Once he was "formally" in the Air Force, General Jumper served in a series of challenging posts that has schooled him in the lessons of leadership: combat missions in Vietnam, command positions in the squadron and wing levels, to the U.S. Air Forces in Europe and the Air Combat Command. General Jumper understands that we’re living in a period of transition, when the threats of the Cold War have receded, and the new challenges of the 21st Century have not yet fully emerged. He will continue to lead the transition of our Air Force that General Ryan began—from a force that won the Cold War to a force for the 21st Century—one that can face challenges from sources that we cannot yet know. And so, John and Ellen, we congratulate you and we welcome you.
I mentioned a story to General Ryan the other day that has an important message about service—and certainly all those gathered here understand the importance of service. I said, Mike, on the day when you no longer put on your uniform, think about the old soldier who went home after a life of service.
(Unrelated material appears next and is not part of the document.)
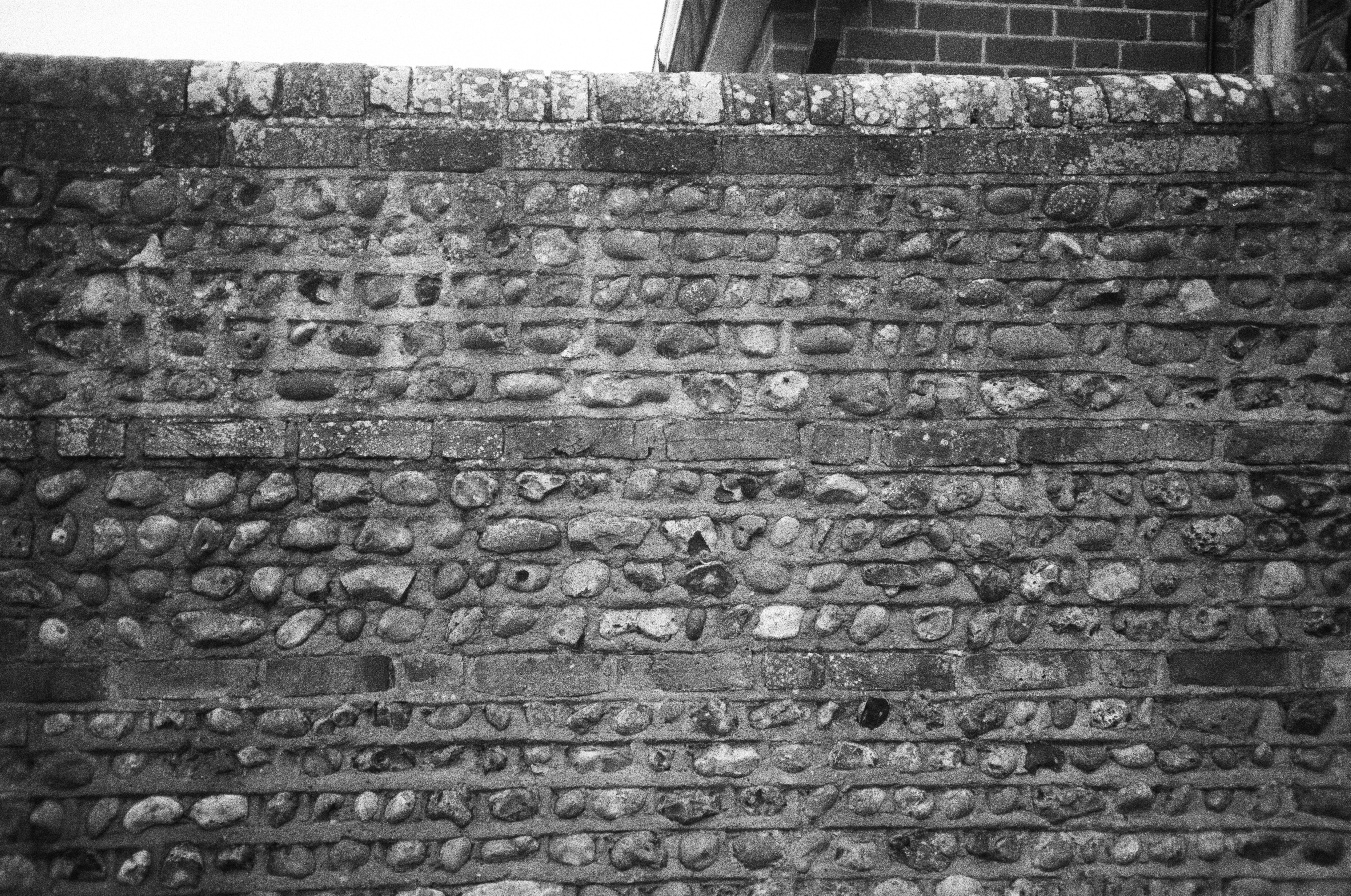 Photo by tanyabarrow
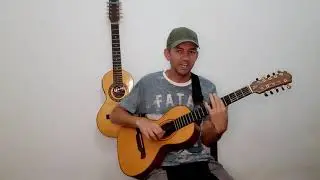 A GAIVOTA (Versão viola)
He looked around, he saw how his hometown had prospered, and said to his wife, "You know, maybe I should have stayed here. Look at the parks, the factories, the schools, the banks, the new homes. It’s a good place."
His wife replied: "Yes, but you made it possible for all this to happen."
So Mike, remember that. Every time you see youngsters playing and having a good time, couples starting out, a safer world, a more prosperous world, and most of all, a world of freedom, it is, in no small part, because of you and the magnificent Air Force team that you have helped to build and lead. Mike, we all join in thanking you for your remarkable service. To Jane and to you, good luck and Godspeed. [Applause.]